Tuesday 13 May 2014

standing in my strength





Unconditionally loving and nurturing myself was high on my agenda for mothers day. It's not something I scratch into my weekly timetable of events, figuring that eating healthy, thinking consciously and occupying a present state of being will get me through the short and curlies of life.


Throwing aside my families needs and looking after number one is difficult for me to do. I'm hardwired to look after all in my circle. 

It's a persistent trait handed down through the generations of mothers of mothers of mothers. And journeying in the well grooved path of attachment parenting for the past nine years I've been aware my tanks were veering on the outa control empty side...with a yellow light flashing!

Having high expectations on how I'd like my life to fall into place often lands me in trouble. 

Waiting for others to do as I'd like, rarely turns out the way I've intended, and tired of the routine of blame and martyrdom, I decided to take the day into my own hands. 

Instead of lowering my sights, I've decided to keep my highly positive outlook on life and work on the desired outcome myself.

That's when I booked my sacred feminine yoga retreat, a nurturing all woman retreat falling on a weekend of epic proportions!

Having done some research, and looked into the how-to-do and can-i-fit-it-in bits, I called a family huddle (a bit like a meeting but with a more loving title and perhaps more to the point!) 

I asked if it would be alright if I booked myself into Anahata yoga retreat 

... just for the night. 

I'd be walking into a programme two thirds of the way through, so wouldn't be gone long. 

And I promised to be home after lunch on Mothers day. 

After the initial disappointment that they wouldn't be able to have breakfast in bed and smooches all day with mama, the children moved on quickly to more exciting aspects of their Sunday ... a community meal and celebration, apple picking and hanging out with playmates.






Managing to organise my family's full schedule of weekend delights, I created meals in advance, made a mothers day cake for all to indulge in, organised playdates and football to fall in place, as I crammed in time for myself. 

Knowing I was missing an epic party celebrating a friends 40th and a celebration honouring a friend being initiated into the land we live on, followed by celebrations and rounded off with a community afternoon of apple picking made it easier for the children knowing that they were doing something more fun than watching mama lay around in bed. 

And as I'd made my bed ... I just had to let go and know that I was doing the right thing.

Driving up the never ending road to the sacredness of the mountain, I felt the time restraints clatter behind me, and my wheels took on wings as I left the day to day world to the hazy horizon. The more creeks I crossed and the more farm gates I opened and closed, I allowed myself to settle into a place of nurturing me, challenging myself to transition into woman ...not mama, not wife or friend. 


Just me.


And through massage exchange, meditation, yoga practice, sacred sound, dance and ritual, I found myself longing for more time to be me.







Expanding my heart, opening myself up through silence and intentional thought and creating space through stilling my mind, let me let go, just be me, without any interruptions, excuses or weaning myself off other's expectations.

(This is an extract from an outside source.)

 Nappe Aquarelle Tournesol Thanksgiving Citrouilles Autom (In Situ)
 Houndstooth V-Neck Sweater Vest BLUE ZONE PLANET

And when I walked through the orchard on Sunday afternoon to a gaggle of friends of all ages hanging out in the trees, under a beauty-full lit Autumn day, I wholly realised the gift of unconditional love and nurturing. 

My tanks overspilling with gratitude and love, my children hurled themselves at me as a human blanket, my beloved cloaked me with his arms and I fully took in the beauty-full scene of a community coming together, each celebrating the divine feminine as one.